My daddy used to tell me to ask for the things I wanted or needed. He would say that, “You should ask because you have a fifty percent chance of getting what you want. And if you don’t get what you want, you are no worse off than before you asked.” He was a smart man.
I have learned that I have less difficulty asking for things when the result of the ask translates to something beneficial to other folks in my village. In addition, I have found that people tend to respond with positivity and generosity when they realize that my energies are focused on uplifting others and enhancing the community. My history of asking people to participate in village building with me has demonstrated to them that I own the fact that I don’t know everything and that I value the fact that they are masters of something that I have not mastered. Honestly, I don’t really care to know everything. Why you ask? Because it is really not that important to me that I know the details of every imaginable thing. Who has the mental capacity or the physical strength for that?
I recognized years ago that the foundation of a prosperous community rested in the human capital within the community. Prosperous communities have consistently demonstrated an appreciation for the special talents and unique abilities of each member. Because I always want my community at home, in the neighborhood, and at work to be prosperous, I work to identify the areas of expertise and giftedness of those around me. Then, I dream and envision ways that I can encourage, empower, and enlighten those around me knowing that these outcomes will enhance the community as a whole. Often my visions of greatness can’t and won’t be realized without the input and contributions of others.
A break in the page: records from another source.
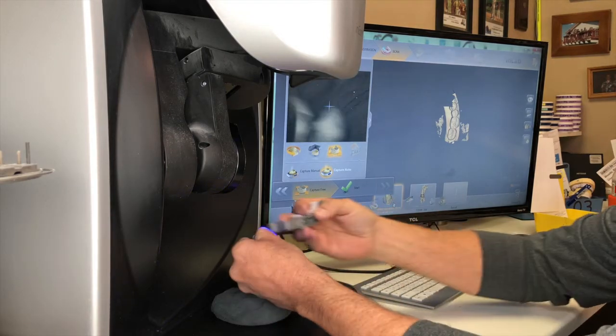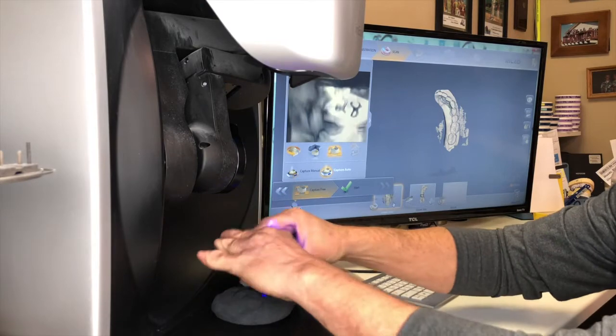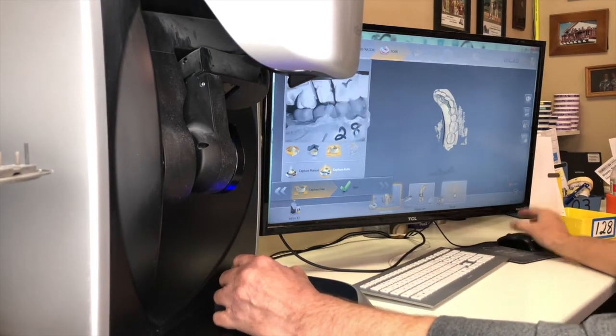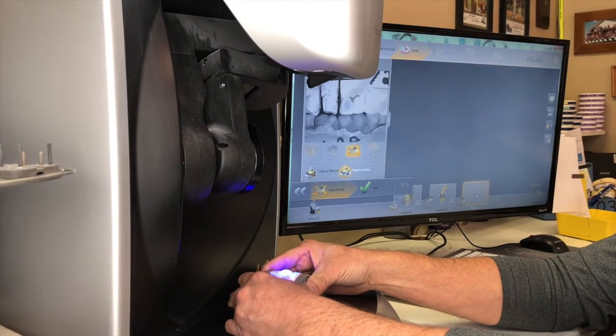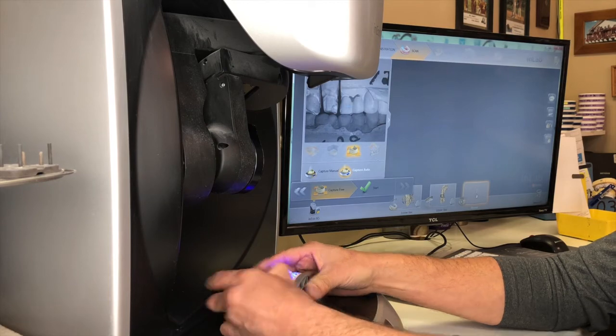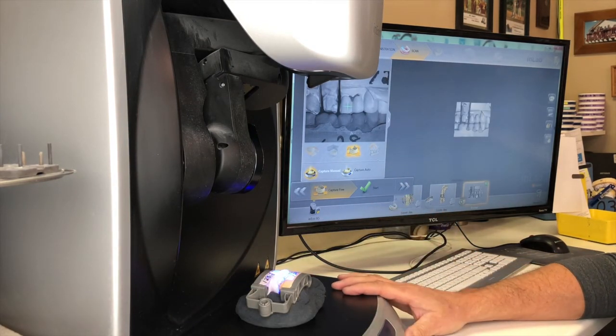Then I will put my models together so I can take my final shot, which is one shot of the buccal bite. While I'm moving, I'll come over here and choose the buccal catalog, set my model where I need to — that's my final shot. Press the button one last time. So that's your Tech in Two for today. Thanks.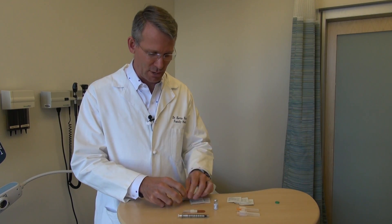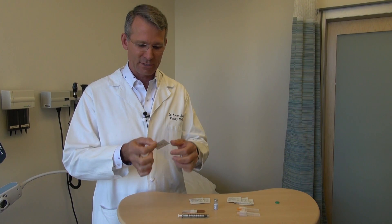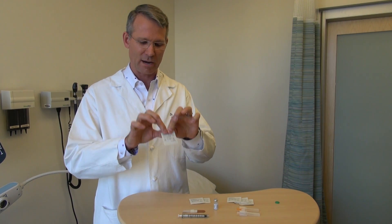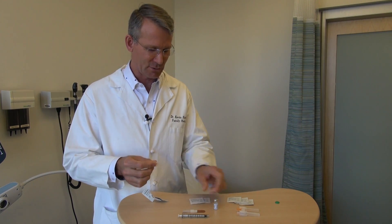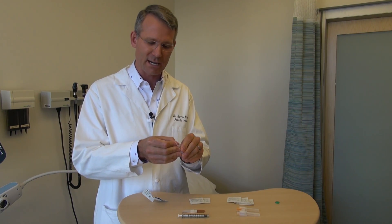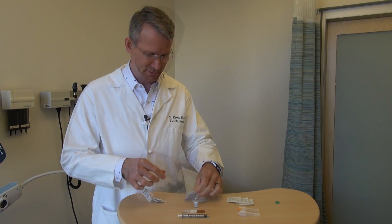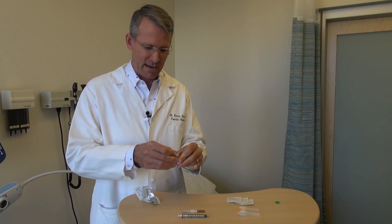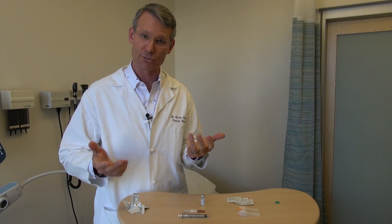Even though this is a brand new bottle, we're going to clean it three times with alcohol swabs. The easiest way to open the swab is to just grab it firmly from the edge and rip across the center. Take the first swab and make good contact with the top of that bottle, give it a good rub, and do that two more times. The bottle is now clean and the top will have a little bit of alcohol residue on it, but that'll be drying out while we're getting our syringe ready.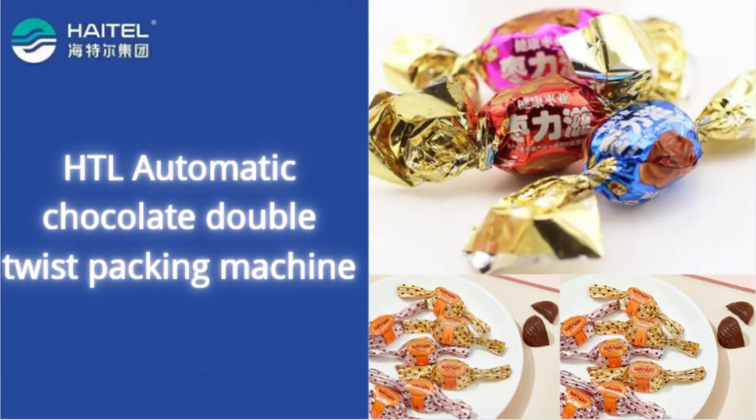The packing machine is a place for double twist, packing different shapes of chocolate candy.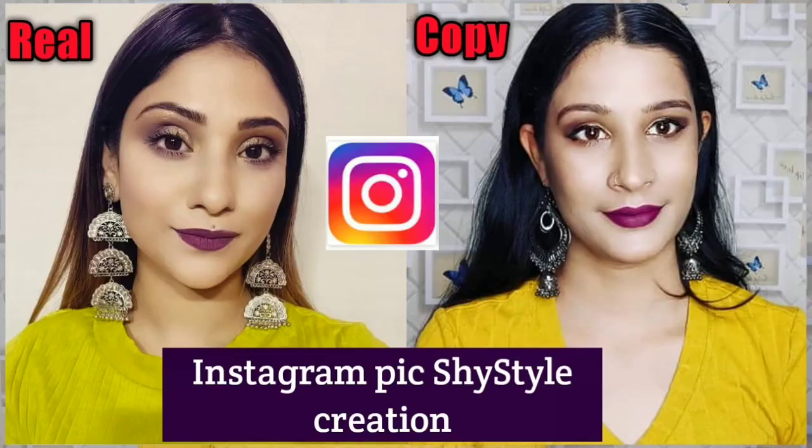Hey guys, welcome back to my channel. Ankita Beauty, and I am Ankita.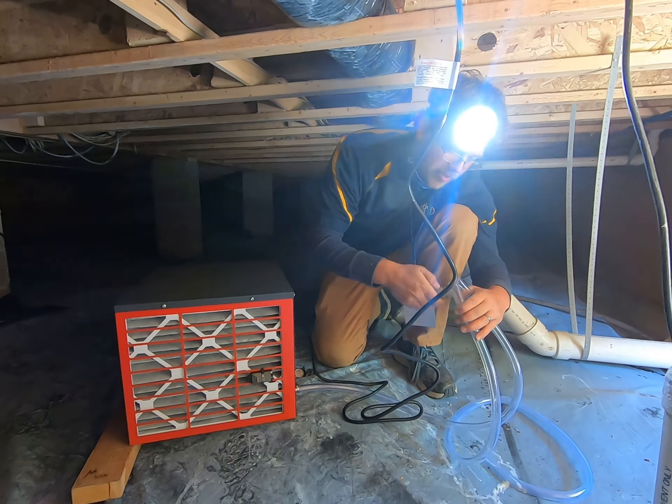With our dehumidifiers here, one of the primary advantages compared to what you'll get at your local box store is the MERV filter here on the back that also cleans the air while it's dehumidifying.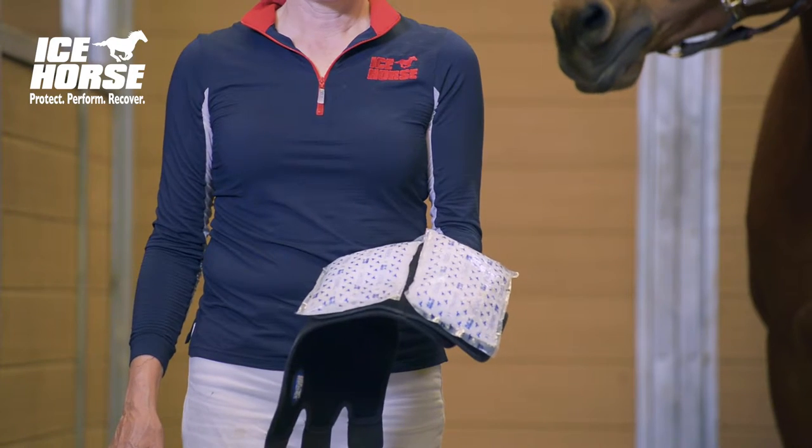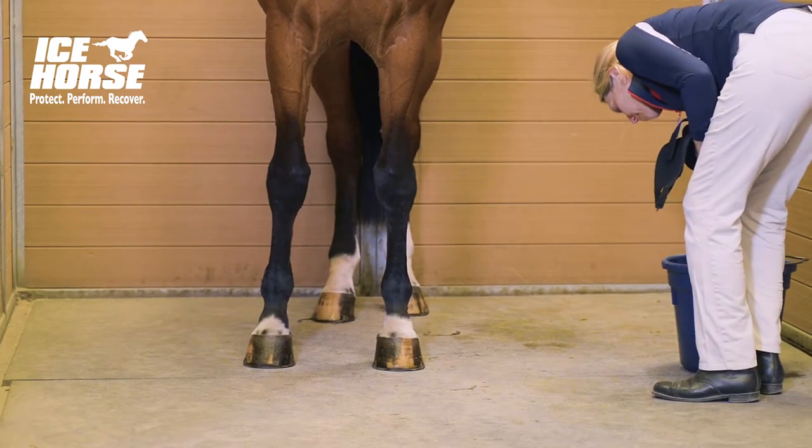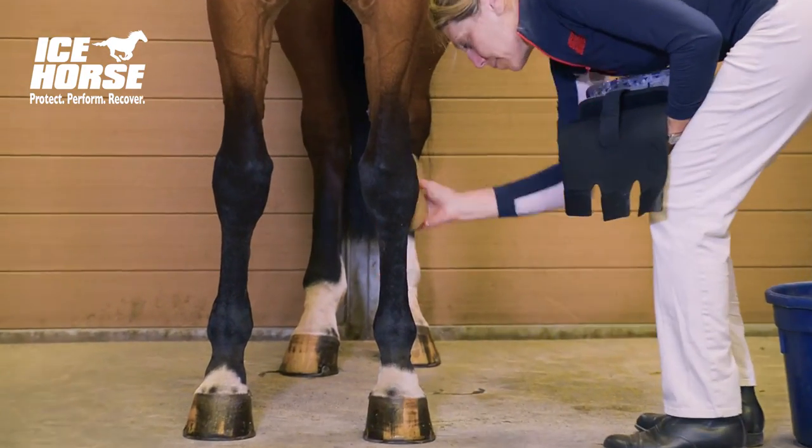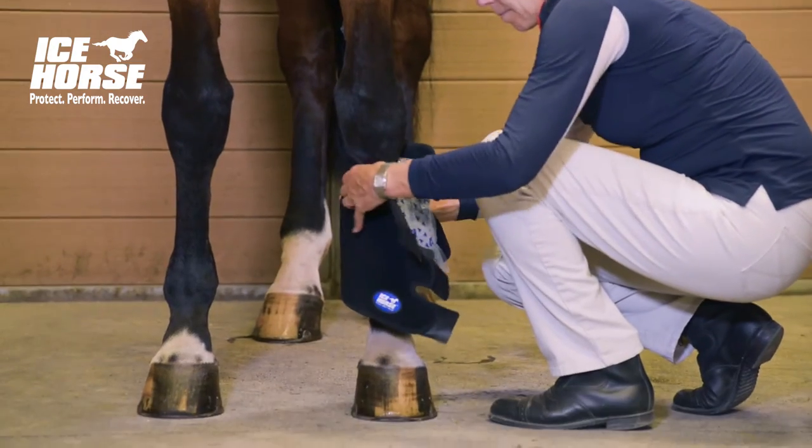Now you're ready to apply the tendon wrap to the horse. Lightly sponge the horse's leg. A thin layer of water will provide a better transfer of cold against the horse's tendon.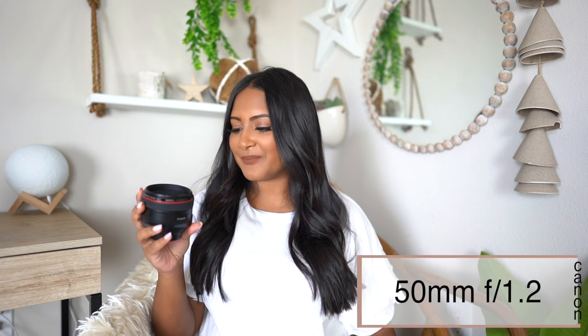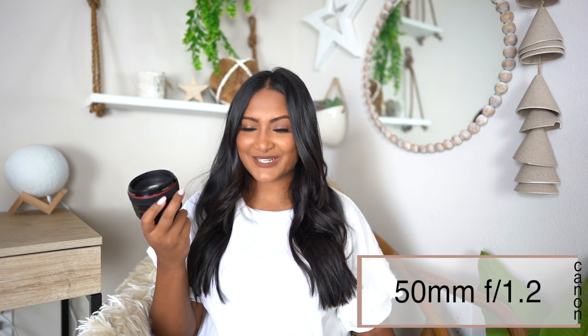The next lens, and probably my most used lens, is the 50mm f1.2. According to Amazon, the price right now is $1,299. I absolutely adore this lens. This is the exact lens I use when I'm doing grad photos — it really gives the most buttery bokeh background, and honestly it is so worth the money.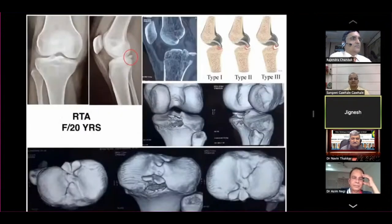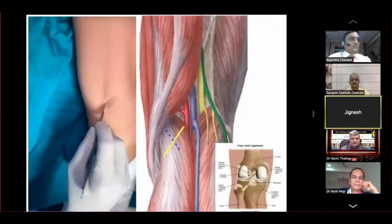This is a Type 3 avulsion of the PCL — totally avulsed from the crater base. This is the CT scan showing the fragment size. And that is the approach: the yellow line is the skin incision and the blue dotted line is a split inside the gastrocnemius muscle medial head. We split in two parts and the medial half will protect the vessels.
I must boldly state the objectives and goals to people equipped to help me attain the deliverables. Some have called me a master connector of people and ideas or said I was good at networking. I call myself an excellent village builder with an appreciation of the diversity of cultures, skill sets, personalities, interests, and uniquenesses that surrounds me.
As a village builder, I have learned that the teachings of my parents, Charles and Lola, apply and rule. My father once told me, “Baby, you might not change the world, but you can make a difference in the place where you find yourself.” My mother always told me, “Leave it better than you found it.” With the help of the creative, driven, generous specialists in my villages, I seek to accomplish two goals:
- To impact somebody’s world in a positive way every day and
- To leave each situation better than how I found it.
Most people welcome opportunities to live their gifts and talents loudly to the glory of a goal that serves to plant seeds of greatness, cultivate greatness, or celebrate the plentiful harvest that represents hard work and sacrifice. Finally, I love the collective eagerness of individuals to promote and encourage my excitement about inspiring the dreams, needs, or goals of others incapable of accomplishing the same alone or without the input and support of a supportive village. I absolutely love being the writer and conductor of a symphony created by villagers eager to live their passions loud enough that they create a memorable melody resounding with hope and prosperity for others in our space.